Live coverage of the ELaNa-19 launch will be available on Rocket Lab’s website at YouTube channel. For real-time updates on launch day, follow Rocket Lab on Twitter @RocketLab

  • Robert Sutton

    Same for STTMP

  • Smokey_the_Bear

    Why is their launch site in New Zealand?

  • savuporo

    Because they are a Kiwi company. No matter the window dressing they put up in US for US payloads

  • Smokey_the_Bear

    What does Kiwi company mean?

  • Cameron

    Their assembly plant is in NZ, the largest sections of the rocket are made in NZ, and there is very little air traffic in the launch corridor at Mahia. Rocketlab began as a NZ company, and has expanded into the USA. They are building a launch site at Wallops right now for US based launches.

  • Merisea

    Kiwi is slang for New Zealander.

  • duheagle

    Rocket Lab’s engines and avionics, the priciest parts of Electron, are built in Huntington Beach, CA in a factory building of impressive size. Hardly “window dressing.” RL has significant corporate infrastructure in both the US and NZ.

  • duheagle

    The largest bits of Electron are made in NZ. The most expensive bits – engines and avionics – though, are made in the US in a big plant in Huntington Beach, CA. As you correctly note anent Wallops, RL’s American footprint continues to expand.

  • savuporo

    You mean the BOEING site at 14520 Delta Ln ? You keep believing !

  • Robert Sutton

    I wonder who chose the name?

  • duheagle

    It probably used to be a Boeing site. Boeing still has facilities next door, but the 150,000 sq. ft. building at 14520 Delta Lane has been Rocket Lab’s U.S. HQ for almost two years now. It was in the papers.

    Boeing seems to be in the process of conducting a general recessional from the Greater L.A.-Orange Co. area. Their footprint in Huntington Beach has been diminishing for some time – hence the availability of the building now occupied by Rocket Lab. The drawdown in Huntington Beach is set to continue through at least 2020. It’s unclear whether Boeing expects to have any facilities left in HB after that.

    Boeing has also pulled out of a number of large facilities near the Long Beach Airport that it got as part of its acquisition quite awhile ago of McDonnell-Douglas. The MD-90 (renamed by Boeing the 717), the MD-11, the KC-10 and the C-17 all used to be built there. All those programs are long since concluded and the buildings have been either torn down or repurposed. One of them, in fact, is the HQ and manufacturing facility of Virgin Orbit.

    The only major Boeing complex still extant and doing reasonably well in the L.A. area is its satellite manufacturing operation in the LAX area.
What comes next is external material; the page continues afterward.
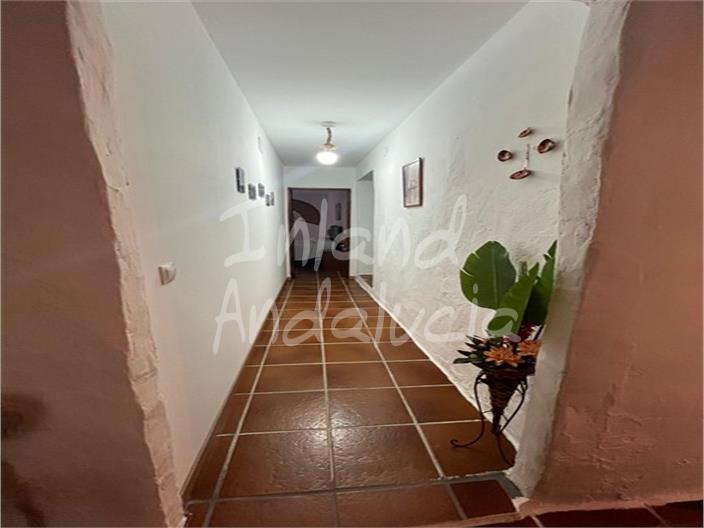 Image No.8-2 Bed Farmhouse for sale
That, of course, was acquired from Hughes some years back.

    SpaceX’s Hawthorne plant used to belong to Northrop Grumman. Virgin Orbit’s and Rocket Lab’s major U.S. facilities have former Boeing addresses. SpaceX operates three launch pads at Kennedy/Canaveral and Vandenberg. Blue Origin has a pad at Canaveral. ULA will be yielding four of its six pads at Canaveral and Vandenberg as it transitions to Vulcan. Firefly Aerospace already seems to have dibs on the erstwhile Delta II pad at Vandy. The others will all find NewSpace takers. This list is hardly complete.
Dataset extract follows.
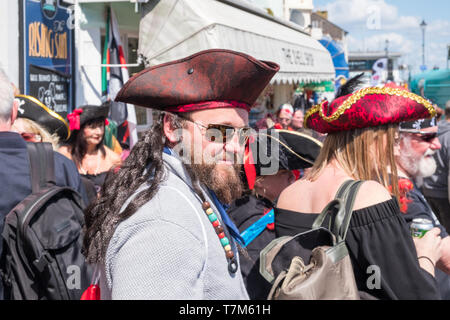 https://l450v.alamy.com/450v/t7m61h/locals-and-visitors-dress-up-as-pirates-for-the-brixham-pirate-festival-in-the-devon-fishing-town-t7m61h.jpg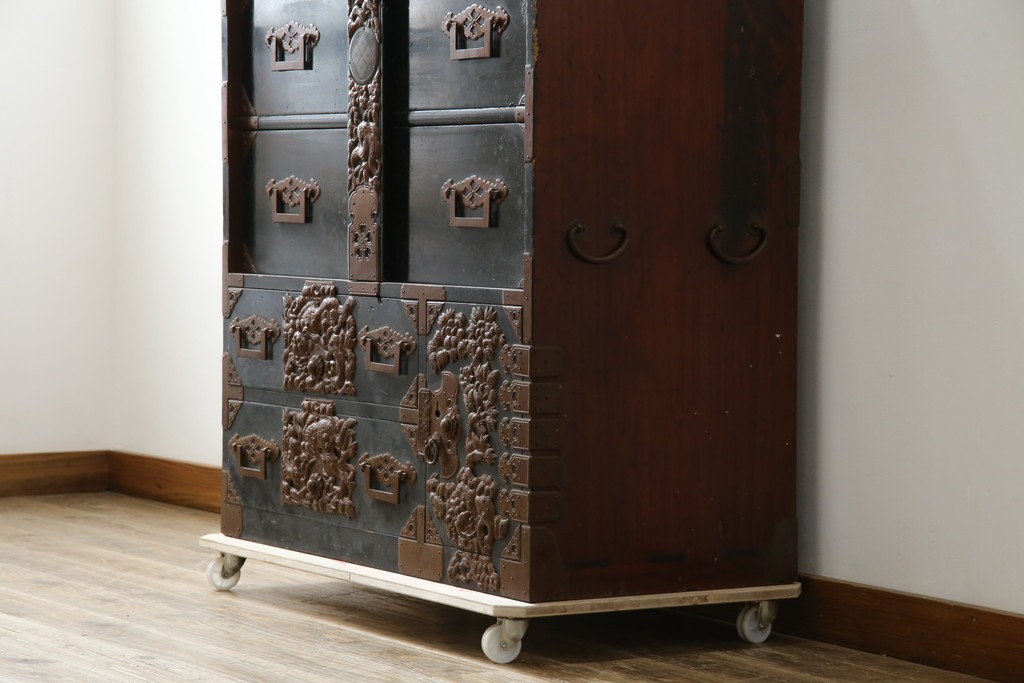 和製アンティーク　上手物!!　総桐材　立派な金具が際立つ上質な庄内箪笥　(R-085761)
    NewSpace is, incrementally, succeeding OldSpace in many ways as the latter fades. One of the more noticeable such ways is in taking over physical infrastructure. I don’t foresee any OldSpace reversal of current fortune in the cards. A decade hence it is entirely possible that none of the remaining three legacy aerospace companies will have any consequential space-related operations left.

  • duheagle

    For the mission? Someone at NASA one presumes. It is a NASA mission after all. And NASA is much given to naming things so as to produce pronounceable acronyms.